Se esta tese e colocada como um "criterio" para avaliar a relacao de continuidade ou mudanca entre fhc e lula, me parece um otimo caminho para um critica genorosa: podemos com ela tocar na contradicao principal do governo ou mesmo perceber que as contradicoes do governo sao contradicoes da sociedade, e, creio eu, da visao que esquerda (de oposicao, como o PSOL) tem sobre o Brasil.

Meu argumento e de que o governo Lula enfatizou, ao inves de neutralizar, a luta de classes no Brasil, mas que isso se combinou com o enfraquecimento dos movimentos sociais organizados (enfraquecimento que para mim nao e responsabilidade do governo, mas das contradicoes da sociedade civil organizada no Brasil).Este paradoxo para mim se explica por duas razoes: a trajetoria de Lula, ao contrario do que diz professora, ao se projetar como simbolo de representatividade do que a professora pejorativamente chama de "pobretologia", se tornou um marco pratico de que no Brasil os pobres tem demandas (comer por exemplo, o que deve ser uma demanda incompreensivel para quem nunca se preocupou com isso) que nunca foram consideradas na vida publica. Lula representa uma classe, os pobres.

No discurso de esquerda colonizada por uma visao de esquerda europeia, que ja morreu ha tempos, que a professora apresenta, pobreza parece nao ter nada a ver com luta de classes: para ela lula da classes e o enfrentamento de organizacoes politicas, por pessoas que se associam como classe e por interesses bem definidos. A questao que ela nao ve e que a esquerda no Brasil nao pode repetir a historia da europa (e nem deve,a meu ver). O alvo social, a classe mais desprivilegiada, em paises como o Brasil, nao sao os trabalhadores organizados (o MST e outra historia, e merece outra analise), mas sim os trabalhadores desqualificadoes e desorganizados. Sao estes ultimos que sempre careceram de voz no Brasil, e e pela voz de Lula que elas falam nos dias de hoje.
A maior contradicao do PT, ao meu ver, e como se tornar um partido que, criado por setores organizados da class trabalhadora, possa representar e articular os interesses dos pobres desorganizados, e nao o de continuar sendo um partido de trabalhadores organizadoes.

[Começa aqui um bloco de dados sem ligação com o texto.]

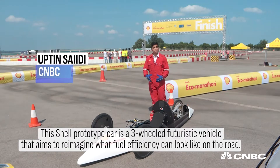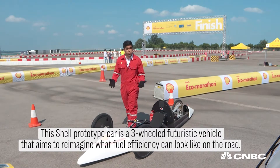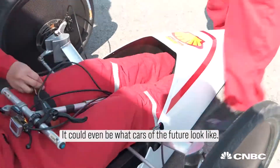This Shell prototype car is a three-wheeled futuristic vehicle that aims to reimagine what fuel efficiency can look like on the road. It could even be what cars of the future look like.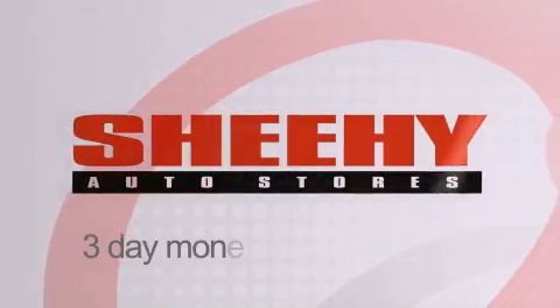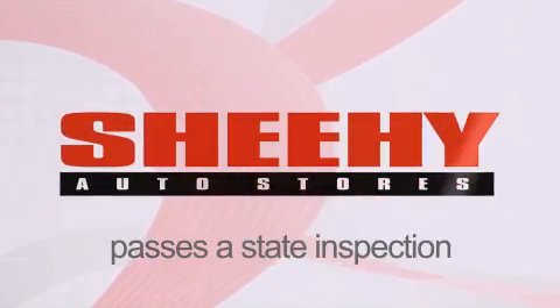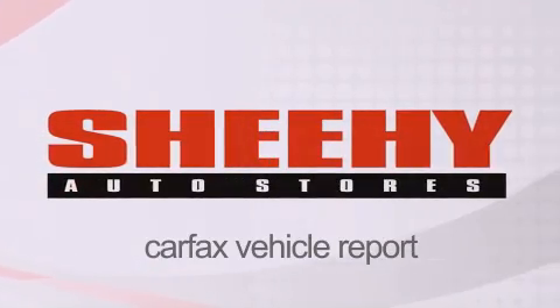Every Sheehy Select used vehicle comes with a 3-day money-back guarantee, 60-day, 2,000-mile warranty, passes a state inspection and our 175-point inspection system, and comes with a Carfax vehicle report.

O fato e que o maior sucesso do governo se deve a ele ter conseguido representar os interesses dos pobres desorganizadoes, e a maior contradicao do governo e que ele nao conseguiu transformar esta representacao em organizado autonoma dos representados. Lula so tem um, infelizmente.....

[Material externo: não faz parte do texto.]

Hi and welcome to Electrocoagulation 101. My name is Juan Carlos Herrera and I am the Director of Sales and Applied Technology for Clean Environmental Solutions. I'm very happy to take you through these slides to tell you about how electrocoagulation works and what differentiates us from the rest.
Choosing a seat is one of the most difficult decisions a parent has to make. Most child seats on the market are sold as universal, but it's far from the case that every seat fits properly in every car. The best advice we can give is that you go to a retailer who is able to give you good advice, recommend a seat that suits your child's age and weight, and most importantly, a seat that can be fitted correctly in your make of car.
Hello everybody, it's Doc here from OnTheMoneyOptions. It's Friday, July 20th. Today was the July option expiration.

A agenda neoliberal foi rompida por Lula na medida em que o governo criou politica para os pobres. Quando a professora despreza este fato, culpa o governo pela contradicao social de os mais oprimidos nao serem os mais organizados e ao mesmo tempo aceita a ideia de que interesses desorganizados previamente nao sao os mais legitimos a serem representados.

Para mim a maior contradicao do pos lula e como enfrentar este fato: os pobres, fortemente representados pelo governo Lula, nao contam com organizacoes politicas que possa representar seus interesses depois de que a legitima relacao carismatica com Lula sair da cena oficial.

Ciro Gomes tem sido, a meu ver, o unico nome de destaque na politica nacional que tem enfrentado esta questao no debate com o governo. E preciso enfrentar este debate, toda a esquerda precisa faze-lo. Obviamente Serra nao representa e nao via representar a "pobretologia". Ai a questao e simples: gostar ou nao de pobre...

A questao pratica da esquerda para mim e esta. Se isto no horizonte estrategico signigica ser anticapitalista (o que eu acho), este horizonte se torna um lugar vazio se a esquerda nao perceber que os pobres desorganizados e o "lado negativo" da luta de classes.